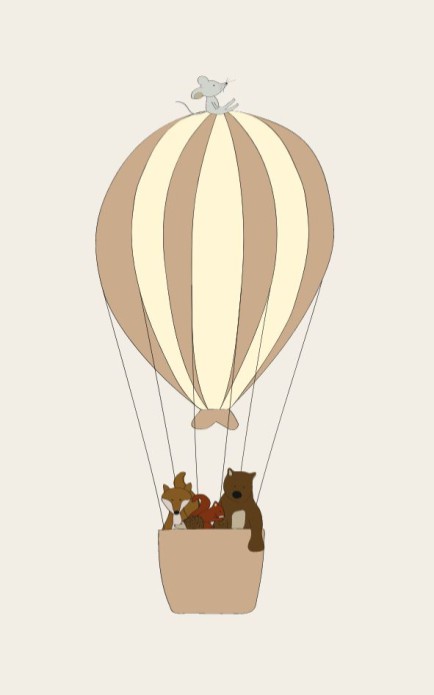 Persoonlijke postzegel luchtballon - beige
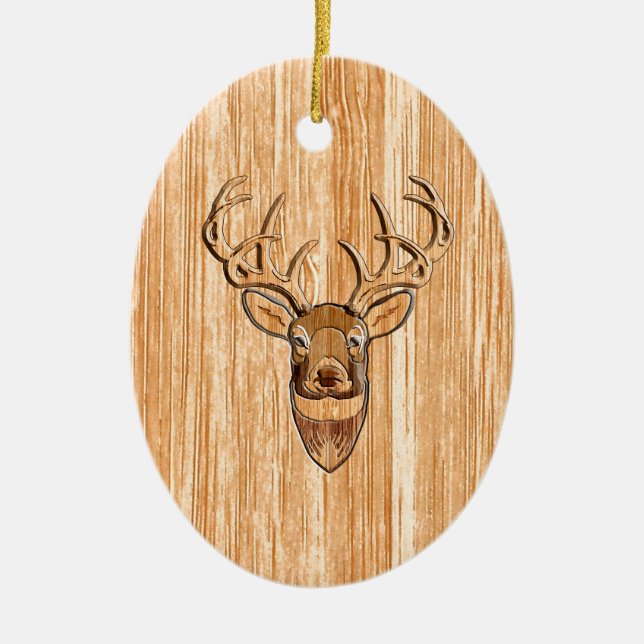 White Schwanz Buck Deer Head Holzkörner Style Keramikornament (Vorne)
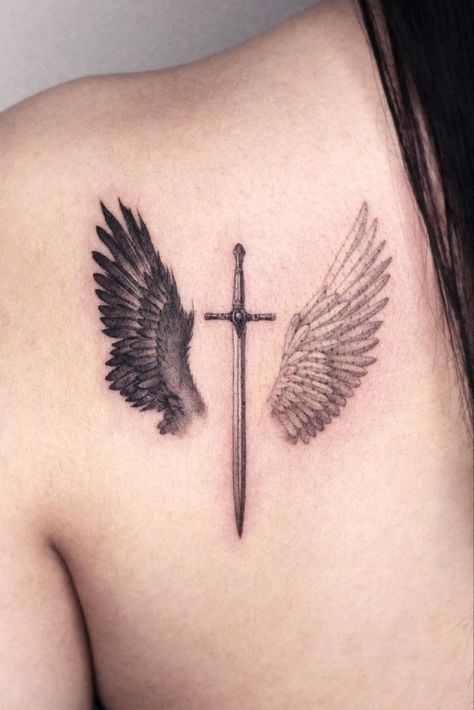 Angel Wings On Fire Tattoo, Angel Protection Tattoo, Angle Wing Tattoos, 666 Tattoo, Angle Tattoo, Alas Tattoo, Protection Tattoo, Masculine Tattoos, Wing Tattoo Designs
+++
▸ **WORK INSTRUCTIONS**: Write out exactly, with no pictures, each line from the one containing "White Schwanz Buck" through the last line of the listing above, both included.

▸ **REPLY TO THE TASK**:
 White Schwanz Buck Deer Head Holzkörner Style Keramikornament (Vorne)
 Angel Wings On Fire Tattoo, Angel Protection Tattoo, Angle Wing Tattoos, 666 Tattoo, Angle Tattoo, Alas Tattoo, Protection Tattoo, Masculine Tattoos, Wing Tattoo Designs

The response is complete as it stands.